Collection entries

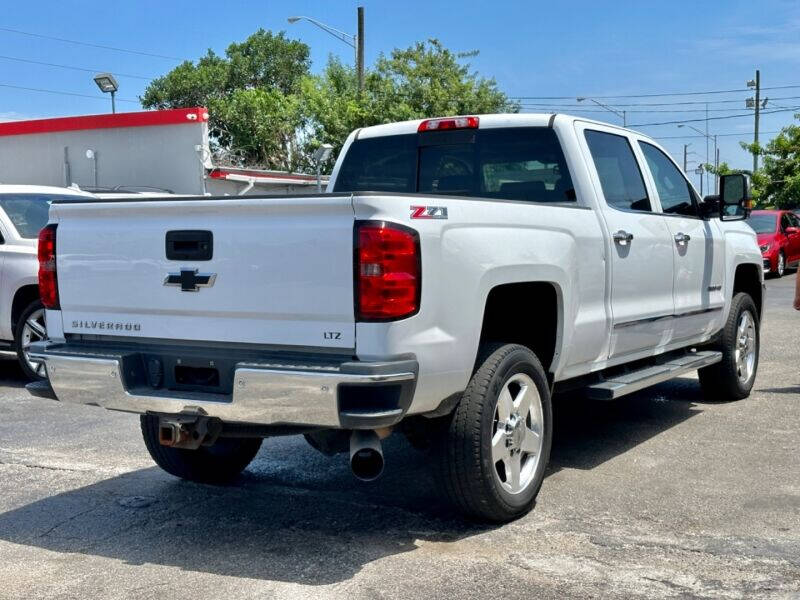 2015 Chevrolet Silverado 2500HD  - $30,995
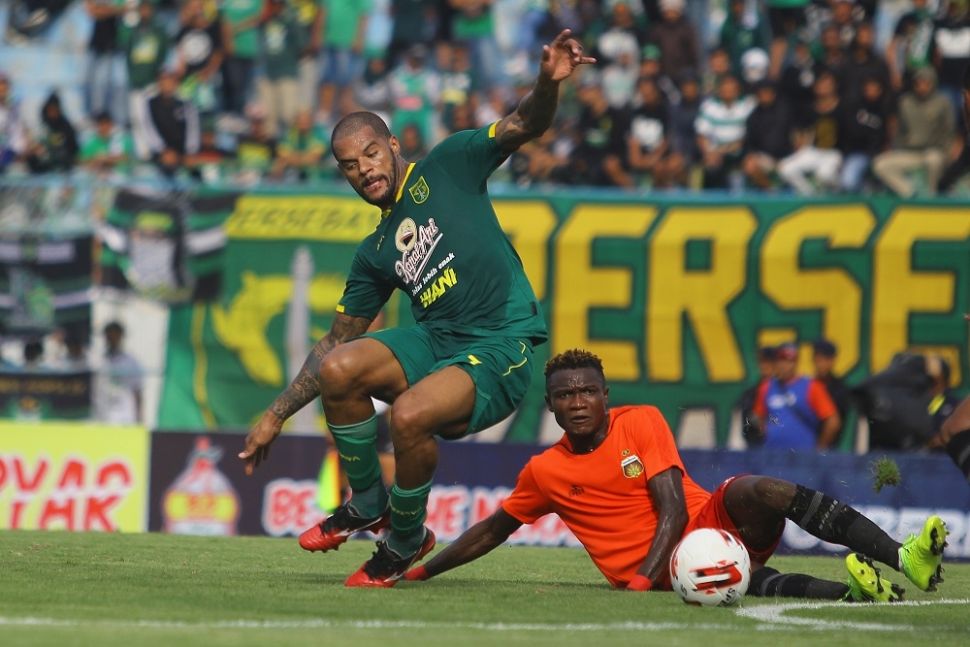 Pesepak bola Persebaya David Aparecido da Silva (kiri) mencoba melewati hadangan pesepak bola Bhayangkara FC Ni Bibola Guy (kanan) saat pertandingan penyisihan grup A Piala Gubernur Jawa Timur di Stadion Gelora Bangkalan (SGB), Bangkalan, Jawa Timur, Rabu (12/2/2020). Persebaya kalah lawan Bhayangkara FC dengan skor akhir 0-1. ANTARA FOTO/Moch Asim/ama.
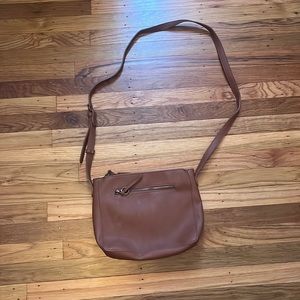 Universal Thread Crossbody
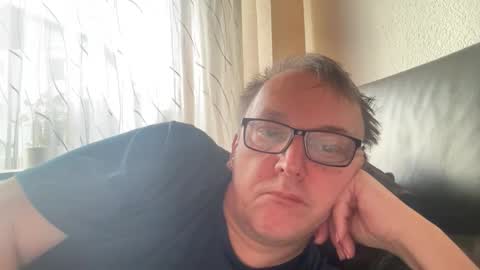 Snapshot of tom6644 chatting on 02/01/25, 08:29 Tom online show from 02/01/25, 08:29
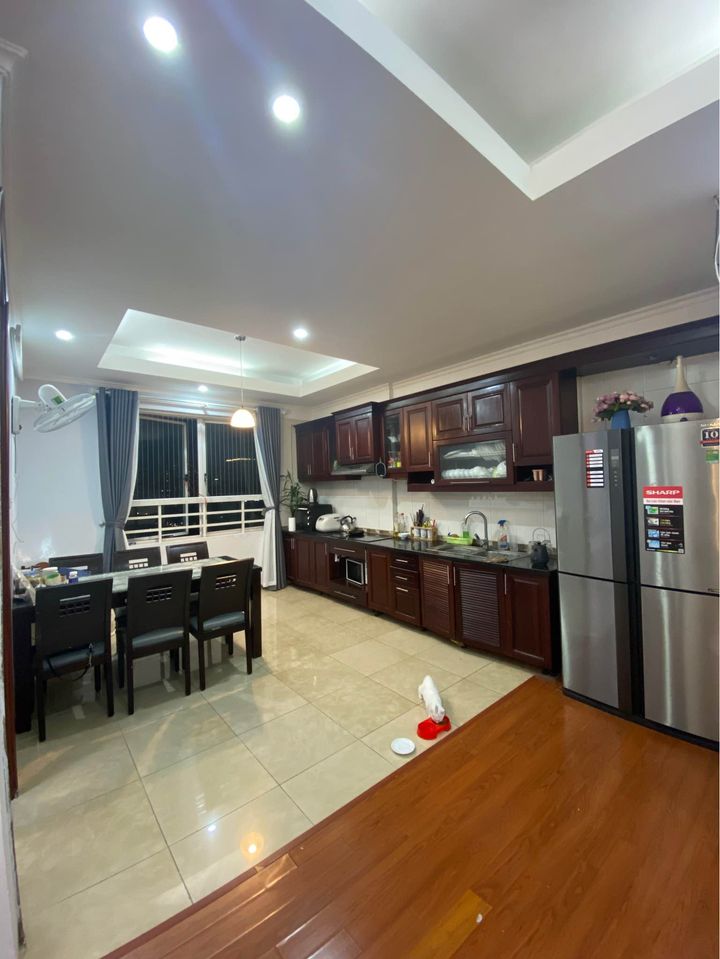 Chính chủ cần cho thuê căn hộ CC Hacisco 107 Nguyễn Chí Thanh, Hà Nội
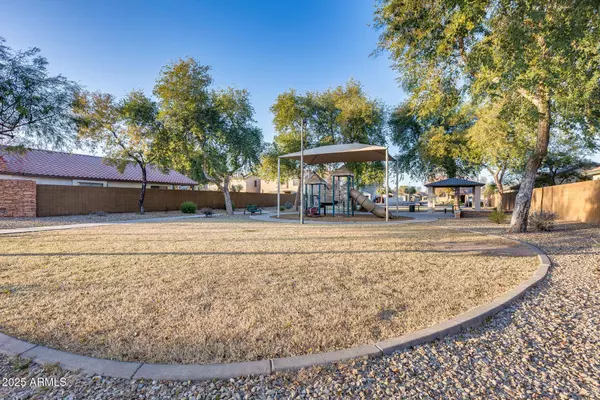 12409 W MONTEBELLO Avenue, Litchfield Park, AZ 85340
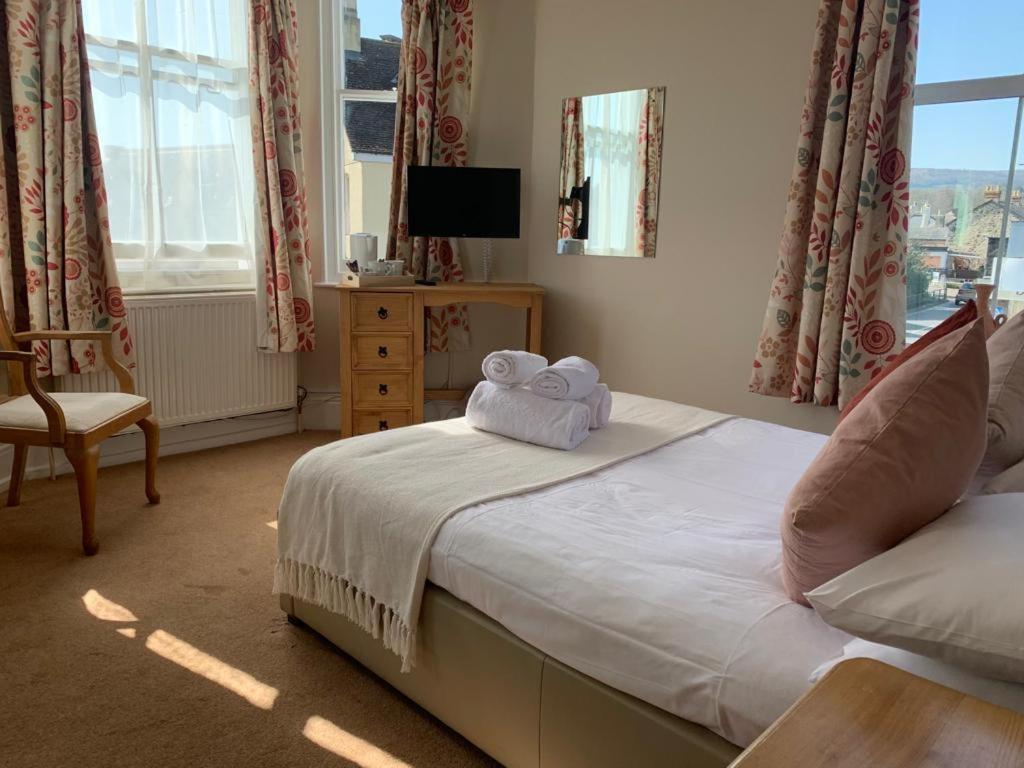 Dolphin Hotel Bovey Tracey Buitenkant foto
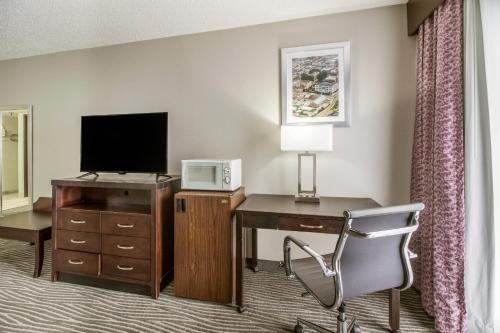 Clarion Hotel Jackson Northwest – Jackson, TN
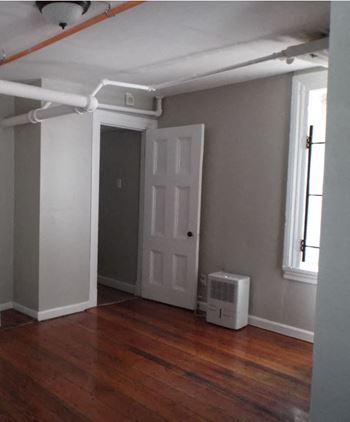 Taymil 122 Benefit Street Apartment Homes Living Area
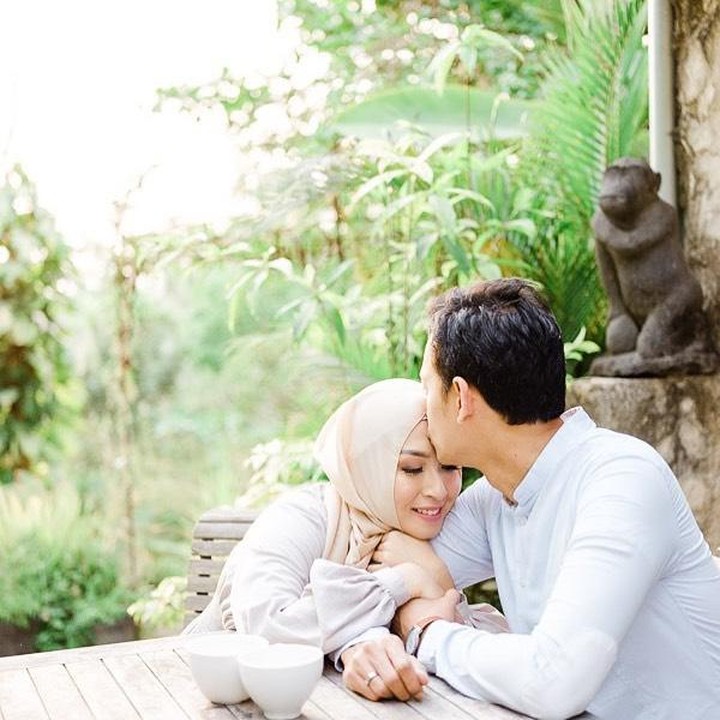 <p>Beberapa waktu yang lalu, Fedi menceritakan bagaimana kehebohan memiliki tiga orang anak. "Tepat pukul 12.00 malam tadi, Aksa gumoh karena terlalu banyak minum susu. Selang beberapa jam kemudian saat Subuh, Aksa & Kay ngompol sampai rembes ke seprai tempat tidur," tuturnya, dikutip dari akun @fedinuril. (Foto: Instagram @fedinuril dan @calystavannyws)<br /><br /><br /></p>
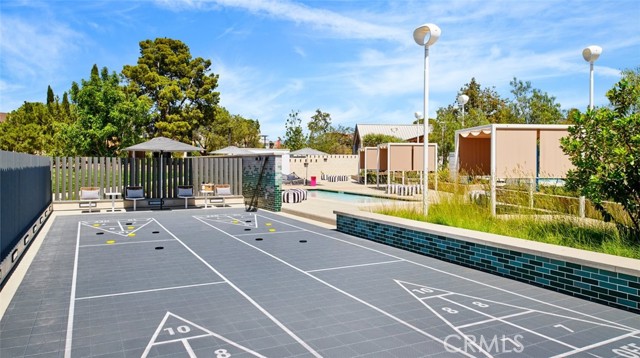 450 Loon, Irvine CA: https://media.crmls.org/medias/332b309f-aeb9-44d9-99c2-a089a6e6b733.jpg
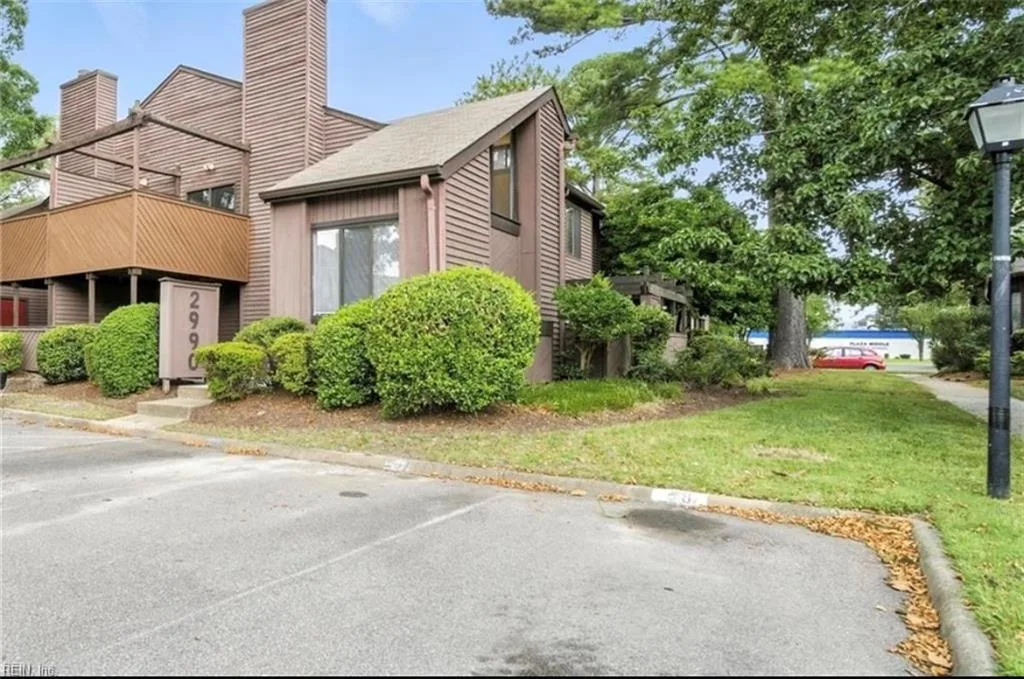 2990 Saint Albans CMN, VIRGINIABEACH VA 23452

» **How to complete this task**: Each record above has to be written out again in full, but its pictures must not be.

» **Reply**:
 2015 Chevrolet Silverado 2500HD  - $30,995
 Pesepak bola Persebaya David Aparecido da Silva (kiri) mencoba melewati hadangan pesepak bola Bhayangkara FC Ni Bibola Guy (kanan) saat pertandingan penyisihan grup A Piala Gubernur Jawa Timur di Stadion Gelora Bangkalan (SGB), Bangkalan, Jawa Timur, Rabu (12/2/2020). Persebaya kalah lawan Bhayangkara FC dengan skor akhir 0-1. ANTARA FOTO/Moch Asim/ama.
 Universal Thread Crossbody
 Snapshot of tom6644 chatting on 02/01/25, 08:29 Tom online show from 02/01/25, 08:29
 Chính chủ cần cho thuê căn hộ CC Hacisco 107 Nguyễn Chí Thanh, Hà Nội
 12409 W MONTEBELLO Avenue, Litchfield Park, AZ 85340
 Dolphin Hotel Bovey Tracey Buitenkant foto
 Clarion Hotel Jackson Northwest – Jackson, TN
 Taymil 122 Benefit Street Apartment Homes Living Area
 <p>Beberapa waktu yang lalu, Fedi menceritakan bagaimana kehebohan memiliki tiga orang anak. "Tepat pukul 12.00 malam tadi, Aksa gumoh karena terlalu banyak minum susu. Selang beberapa jam kemudian saat Subuh, Aksa & Kay ngompol sampai rembes ke seprai tempat tidur," tuturnya, dikutip dari akun @fedinuril. (Foto: Instagram @fedinuril dan @calystavannyws)<br /><br /><br /></p>
 450 Loon, Irvine CA: https://media.crmls.org/medias/332b309f-aeb9-44d9-99c2-a089a6e6b733.jpg
 2990 Saint Albans CMN, VIRGINIABEACH VA 23452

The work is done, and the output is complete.